本論文的重點是以矽化鍺改變P-channel SONOS的材料與結構，以提升P-channel SONOS的工作效能。在以矽化鍺為通道的部份，主要是將發表於P型浮動閘極快閃記憶體的研究應用於P-channel SONOS，觀察P-channel SONOS在以矽化鍺為表面通道時，調變鍺的含量，其寫入速度與純矽基底的P-channel SONOS之間的差異。另外，由於二氧化矽與矽化鍺之間介面特性不佳，因此引入單晶矽層(Si-cap)改善其介面特性，我們亦觀察引入單晶矽層後P-channel SONOS的工作效能。
除了使用矽化鍺通道來改善寫入速度之外，亦提出矽化鍺汲極的構想應用於P-channel SONOS。我們提出矽化鍺汲極擴充P-channel SONOS以更簡單的製程方式來改善寫入速度，亦提出不同結構的掩埋通道，包括H型及U型，H型掩埋通道乃是期望其能夠改善讀取效能，提升讀取電流以達到省電的效能，而U型掩埋通道除了擁有H型掩埋通道優點之外，其在製程的方式則較為簡單。
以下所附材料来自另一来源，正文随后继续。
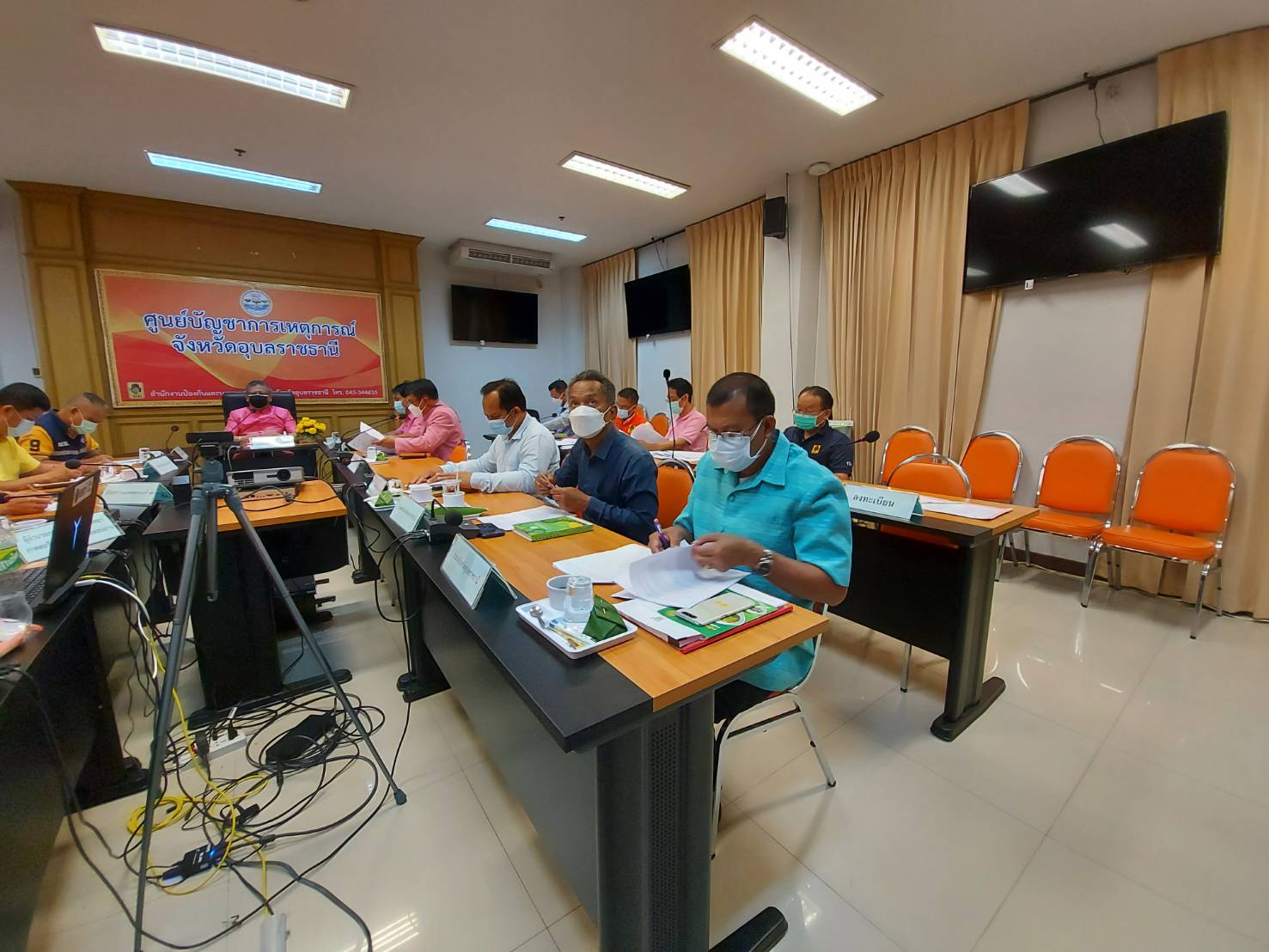 หัวหน้ากลุ่มบริหารจัดการด้านการประมง เข้าร่วมประชุมคณะอนุกรรมการกองอำนวยการป้องกันและบรรเทาสาธรณภัยจังหวัดอุบลราชธนี เพื่อสอบทานข้อมูลกับทางอำเภอให้มีความถูกต้อง..คลิก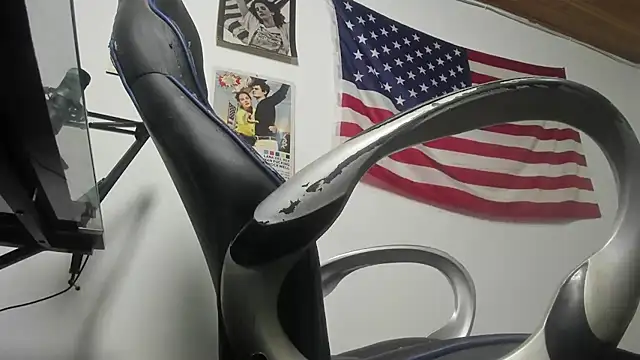 charlie hotxxx online show from April 18, 4:59 am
最後，我們亦對P-channel SONOS捕捉層內的電子分佈情形，以不同的偏壓條件以及不同的元件尺寸作探討。提出汲極偏壓較大的反向局部化(Reverse Localization)寫入方式，用以加大雙位元操作時所需的臨界電壓窗口，使其執行雙位元操作的效果更佳。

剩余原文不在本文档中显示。